Presenti e coerenti con se stessi: mica vecchi ricordi in vacanza nell’oceano di nostalgia avvizzita che è diventato il rock.
Se non conoscete la storia tra Lars Ulrich e i Winger significa che non conoscete i Winger, e la cosa è positiva per un paio di motivi. Innanzitutto potrete scoprirli ora e goderveli come un gusto del gelato che vi mancava e che potrebbe diventare tra i vostri preferiti, e poi non siete mentalmente condizionati dalle vicissitudini che hanno ingiustamente penalizzato una delle band cosiddette (a torto) hair metal, tra le più eleganti e ispirate che siano mai venute fuori durante gli anni ‘80 dello scorso secolo.

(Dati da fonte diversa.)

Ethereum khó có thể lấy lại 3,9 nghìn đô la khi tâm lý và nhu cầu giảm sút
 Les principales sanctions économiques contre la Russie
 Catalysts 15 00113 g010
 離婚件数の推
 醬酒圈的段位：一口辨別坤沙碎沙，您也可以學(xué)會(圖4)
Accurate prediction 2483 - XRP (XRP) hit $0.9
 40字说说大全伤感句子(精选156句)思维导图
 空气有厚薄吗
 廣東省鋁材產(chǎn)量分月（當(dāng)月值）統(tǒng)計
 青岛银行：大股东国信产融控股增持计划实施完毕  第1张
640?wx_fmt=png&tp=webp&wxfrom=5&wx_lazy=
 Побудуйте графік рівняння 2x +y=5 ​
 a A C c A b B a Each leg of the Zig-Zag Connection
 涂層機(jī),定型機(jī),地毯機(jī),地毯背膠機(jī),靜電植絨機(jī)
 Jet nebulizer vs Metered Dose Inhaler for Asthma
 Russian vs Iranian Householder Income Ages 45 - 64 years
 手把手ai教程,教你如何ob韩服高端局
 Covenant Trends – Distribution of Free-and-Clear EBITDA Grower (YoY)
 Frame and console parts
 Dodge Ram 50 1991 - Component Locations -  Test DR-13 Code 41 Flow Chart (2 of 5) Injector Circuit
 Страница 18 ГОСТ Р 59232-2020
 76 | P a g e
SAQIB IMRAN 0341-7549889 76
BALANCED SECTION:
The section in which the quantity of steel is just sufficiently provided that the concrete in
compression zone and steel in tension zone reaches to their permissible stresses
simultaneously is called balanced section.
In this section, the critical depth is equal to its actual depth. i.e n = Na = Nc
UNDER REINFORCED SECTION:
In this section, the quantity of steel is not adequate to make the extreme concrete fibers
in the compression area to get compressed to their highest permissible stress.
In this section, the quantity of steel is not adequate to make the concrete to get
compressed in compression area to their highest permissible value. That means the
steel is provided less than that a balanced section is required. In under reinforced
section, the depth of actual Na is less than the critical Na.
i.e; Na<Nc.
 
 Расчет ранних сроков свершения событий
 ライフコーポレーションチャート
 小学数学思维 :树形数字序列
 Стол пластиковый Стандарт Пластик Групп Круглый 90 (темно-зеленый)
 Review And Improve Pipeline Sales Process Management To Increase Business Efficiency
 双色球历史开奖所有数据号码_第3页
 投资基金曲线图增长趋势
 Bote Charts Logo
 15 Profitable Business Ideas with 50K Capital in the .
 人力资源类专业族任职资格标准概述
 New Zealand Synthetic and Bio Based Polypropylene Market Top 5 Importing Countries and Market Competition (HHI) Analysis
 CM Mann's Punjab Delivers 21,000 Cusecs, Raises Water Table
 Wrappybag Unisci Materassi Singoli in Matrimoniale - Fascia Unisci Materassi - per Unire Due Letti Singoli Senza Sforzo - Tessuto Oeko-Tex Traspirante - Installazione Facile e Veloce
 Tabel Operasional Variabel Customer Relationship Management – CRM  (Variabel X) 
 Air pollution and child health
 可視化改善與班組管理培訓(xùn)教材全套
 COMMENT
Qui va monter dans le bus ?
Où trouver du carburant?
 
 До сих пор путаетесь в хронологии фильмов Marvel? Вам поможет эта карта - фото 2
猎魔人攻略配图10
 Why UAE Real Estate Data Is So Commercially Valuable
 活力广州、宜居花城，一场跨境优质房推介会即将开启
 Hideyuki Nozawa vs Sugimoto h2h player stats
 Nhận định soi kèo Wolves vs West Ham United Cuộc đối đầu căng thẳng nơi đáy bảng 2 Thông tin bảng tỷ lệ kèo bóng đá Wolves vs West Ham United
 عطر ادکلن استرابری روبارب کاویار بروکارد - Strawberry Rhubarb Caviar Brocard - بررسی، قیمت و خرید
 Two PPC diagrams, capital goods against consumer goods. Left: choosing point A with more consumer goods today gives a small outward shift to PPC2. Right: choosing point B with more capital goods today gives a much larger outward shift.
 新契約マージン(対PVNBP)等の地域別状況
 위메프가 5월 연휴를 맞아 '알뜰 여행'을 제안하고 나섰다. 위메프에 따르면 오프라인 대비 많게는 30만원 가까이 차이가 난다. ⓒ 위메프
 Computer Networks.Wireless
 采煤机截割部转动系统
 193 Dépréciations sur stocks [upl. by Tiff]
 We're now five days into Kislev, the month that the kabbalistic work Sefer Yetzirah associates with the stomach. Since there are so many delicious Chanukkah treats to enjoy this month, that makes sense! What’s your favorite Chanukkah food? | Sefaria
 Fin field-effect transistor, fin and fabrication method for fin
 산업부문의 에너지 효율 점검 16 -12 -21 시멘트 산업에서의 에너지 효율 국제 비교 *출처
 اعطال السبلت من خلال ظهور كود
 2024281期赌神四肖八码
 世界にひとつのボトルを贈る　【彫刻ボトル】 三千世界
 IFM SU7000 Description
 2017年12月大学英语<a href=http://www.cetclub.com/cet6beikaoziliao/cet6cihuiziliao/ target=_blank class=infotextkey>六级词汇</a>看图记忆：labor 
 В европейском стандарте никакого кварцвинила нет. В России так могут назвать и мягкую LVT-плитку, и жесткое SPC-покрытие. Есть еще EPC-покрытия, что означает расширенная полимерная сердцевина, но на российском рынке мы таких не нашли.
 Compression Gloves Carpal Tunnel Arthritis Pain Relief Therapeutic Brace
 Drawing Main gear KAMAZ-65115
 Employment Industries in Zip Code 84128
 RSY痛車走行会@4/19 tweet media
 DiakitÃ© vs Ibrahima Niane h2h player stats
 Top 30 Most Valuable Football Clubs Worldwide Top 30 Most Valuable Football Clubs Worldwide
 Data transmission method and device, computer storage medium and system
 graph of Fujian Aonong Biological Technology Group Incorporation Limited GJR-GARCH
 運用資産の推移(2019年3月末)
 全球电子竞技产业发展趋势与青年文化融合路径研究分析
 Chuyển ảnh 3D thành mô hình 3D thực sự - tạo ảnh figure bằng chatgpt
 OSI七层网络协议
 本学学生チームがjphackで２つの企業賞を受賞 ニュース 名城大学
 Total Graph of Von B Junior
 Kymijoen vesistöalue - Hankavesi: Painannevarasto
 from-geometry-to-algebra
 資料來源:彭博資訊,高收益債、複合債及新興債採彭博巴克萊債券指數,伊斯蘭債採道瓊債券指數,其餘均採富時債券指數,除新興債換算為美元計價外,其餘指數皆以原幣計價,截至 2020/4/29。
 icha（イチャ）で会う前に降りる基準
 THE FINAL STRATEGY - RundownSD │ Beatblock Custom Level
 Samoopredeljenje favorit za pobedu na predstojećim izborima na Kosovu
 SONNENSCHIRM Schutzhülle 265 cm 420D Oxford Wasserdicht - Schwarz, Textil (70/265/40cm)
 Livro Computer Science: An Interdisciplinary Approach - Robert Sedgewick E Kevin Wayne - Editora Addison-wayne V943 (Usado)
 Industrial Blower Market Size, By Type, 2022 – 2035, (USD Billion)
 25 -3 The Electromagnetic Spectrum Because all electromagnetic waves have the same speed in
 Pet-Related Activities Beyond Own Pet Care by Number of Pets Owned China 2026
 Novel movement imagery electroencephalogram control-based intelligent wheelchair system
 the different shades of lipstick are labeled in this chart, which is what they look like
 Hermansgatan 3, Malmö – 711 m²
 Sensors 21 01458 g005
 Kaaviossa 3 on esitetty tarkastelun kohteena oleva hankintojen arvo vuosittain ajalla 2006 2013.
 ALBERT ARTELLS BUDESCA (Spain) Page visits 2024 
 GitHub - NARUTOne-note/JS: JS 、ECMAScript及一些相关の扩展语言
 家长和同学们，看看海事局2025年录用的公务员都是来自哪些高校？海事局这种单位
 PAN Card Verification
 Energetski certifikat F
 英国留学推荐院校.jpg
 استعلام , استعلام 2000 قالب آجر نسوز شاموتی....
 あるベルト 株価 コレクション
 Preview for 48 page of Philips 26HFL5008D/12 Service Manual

I Winger di oggi non rispolverano i gloriosi e imbalsamati anni di Madalaine, titolo proustiano della loro prima hit che potrebbe rimandare al dilagante marciare all’indietro di questi ultimi anni ammorbati dal COVID e dal virus della nostalgia. Il percorso di questa band è coerente: non rinnega i sapori hard’n’heavy classici. D’altronde, non l’ha mai fatto. Allo stesso tempo però nutre la stilosità delle composizioni di eleganti arrangiamenti da persone grandi che di rock ne hanno macinato tanto, e che soprattutto sanno padroneggiare cambi tonali inaspettati senza mandare in convulsioni l’uditorio, come accade al terzo minuto e trentotto secondi di It All Comes Back Around, con quel raggio di luce in MI cantino che squarcia l’incedere brumoso del brano e lo fa esplodere in mille frammenti di sole.
Il pezzo nasce con un piano/voce leggero e poi ingrana in un fraseggio ormonale maestoso a cui Kip Winger appende i panni sporchi della propria risalita, aggrappandosi alle mani unghiute e sozze dei propri stessi demoni. Questa è musica che mantiene la capacità di far sperare e di lottare. Contro i musei, contro la melanconia: ecco la soluzione!